Kongres Bahasa Indonesia tersebut pertama kali diadakan di Kota Solo pada tahun
1938. Dari sinilah awal mula pengembangan bahasa Indonesia.
Hingga saat ini, sudah sepuluh kali
Kongres Bahasa Indonesia dilaksanakan, dengan menghadirkan berbagai pakar,
praktisi, pemerhati, dan pencinta bahasa guna menghasilkan rekomendasi lebih
mengenai pembinaan dan pengembangan bahasa Indonesia. Kemudian bahasa Indonesia
memiliki peran sebagai pengikat persatuan dan kesatuan serta sebagai penghela
ilmu pengetahuan. Sebagai pengikat persatuan dan kesatuan, bahasa Indonesia dapat
mempersatukan semangat nasionalisme dari tiap suku, agama, ras, dan antar
golongan bangsa Indonesia dalam berkomunikasi. Peran sebagai penghela ilmu
pengetahuan, bahasa Indonesia diharapkan sebagai titik temu dalam memahami ilmu
pengetahuan, baik itu dari Indonesia, timur, atau pun barat.
Hasil Rekomendasi
Kongres Bahasa Indonesia
Inilah beberapa hasil dari upaya dalam Kongres
Bahasa Indonesia
-
18 Agustus 1945
dilakukan penandatanganan UUD 1945 yang salah satu pasalnya (pasal 36)

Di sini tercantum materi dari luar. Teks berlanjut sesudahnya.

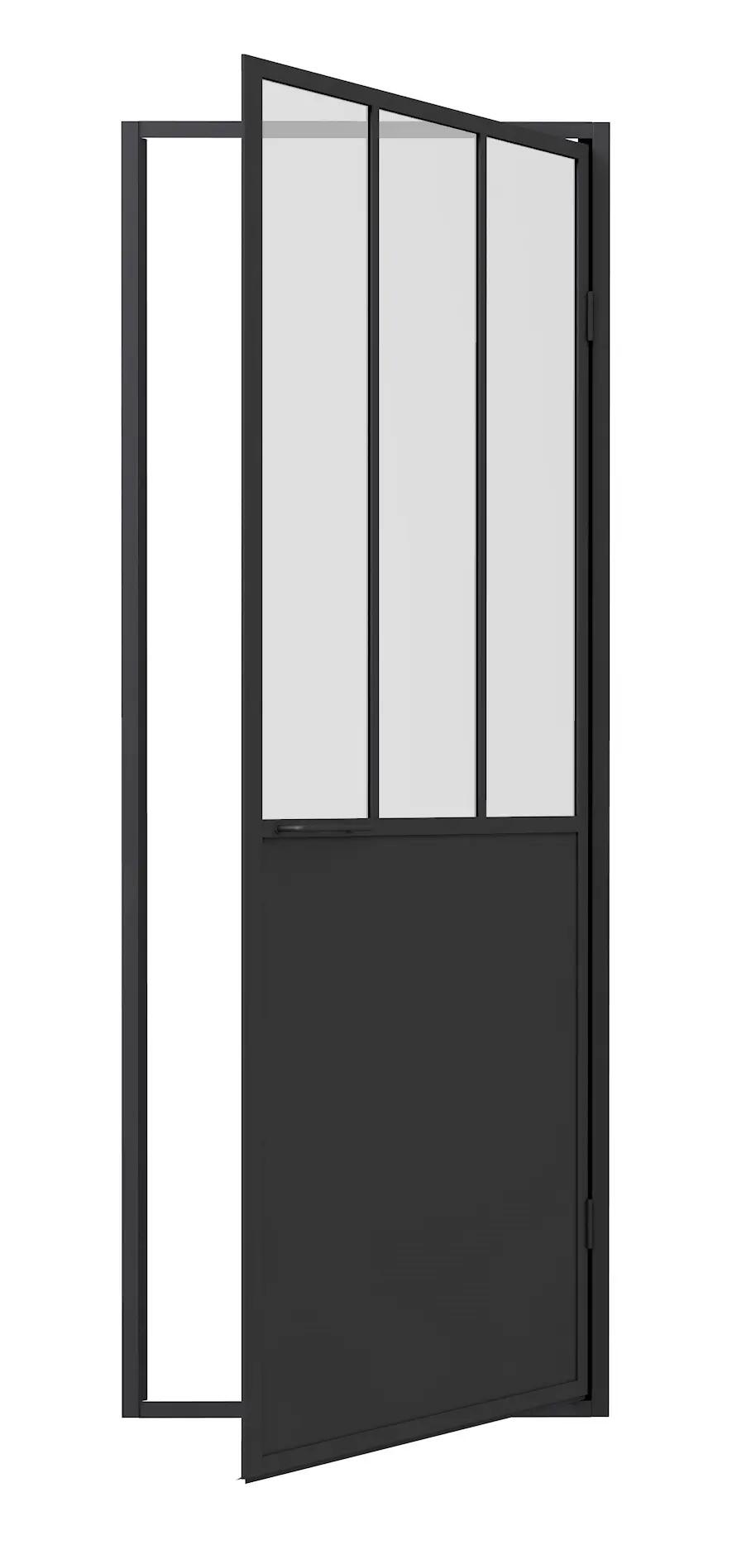 Porte de douche industrielle pivotante transparent, noir 80 cm, Artelo | Leroy Merlin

menetapkan bahasa Indonesia sebagai bahasa negara.
-
19 Maret 1947
diresmikan penggunaan ejaan Republik sebagai pengganti ejaan Van Ophuijsen yang
berlaku sebelumnya.
-
16 Agustus 1972,
Presiden RI meresmikan penggunaan EYD
melalui pidato kenegaraan di hadapan sidang DPR yang dikuatkan dengan
Keputusan Presiden no. 57 tahun 1972.
-
31 Agustus 1972,
Mendikbud menetapkan pedoman umum EYD dan Pembentukan Istilah resmi berlaku di
seluruh wilayah Indonesia.
-
28-3 November
1988 merupakan kongres yang menghasilkan sebuah karya besar dari Pusat
Pembinaan dan Pengembangan Bahasa, yakni KBBI dan TBB BI.

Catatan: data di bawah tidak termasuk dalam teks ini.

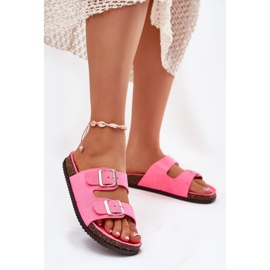 Inna Women's flip flops with neon clamps pink 2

Itulah buah keringat dari embrio Kongres
Pemuda II atau Sumpah Pemuda, terus berproses dalam status kemandirian bahasa.
Menyongsong
MEA: Penggilasan Bahasa Indonesia dan Kesejatian Pemuda?
Menjelang kuartal
keempat, Indonesia akan mendapatkan guncangan dalam berbagai aspek, terutama
ekonomi. Selain ekonomi, tidak terkecuali pada aspek pendidikan, politik,
budaya, dan bahasa. Perihal pendidikan, persaingan akan semakin kencang, terlebih
sebelumnya yang masih semrawut dalam meramu kurikulum nasional, serta proteksi
ideologis. Termasuk buku, sebelum gerbang MEA dibuka, buku-buku yang tanpa
pengawasan Pusat Perbukuan begitu saja bebas berkeliaran untuk menggerogoti
pondasi kebangsaan.
Suatu bahasa akan
dianggap jika memiliki syarat kemandirian bahasa, yakni aspek politik,
linguistik, dan penutur. Penulis menganggap yang terpenting adalah dari aspek
penutur, apakah para penutur sebagai pemertahan, khususnya kaum muda akan tetap
bangga dan terus melestarikan bahasa Indonesia?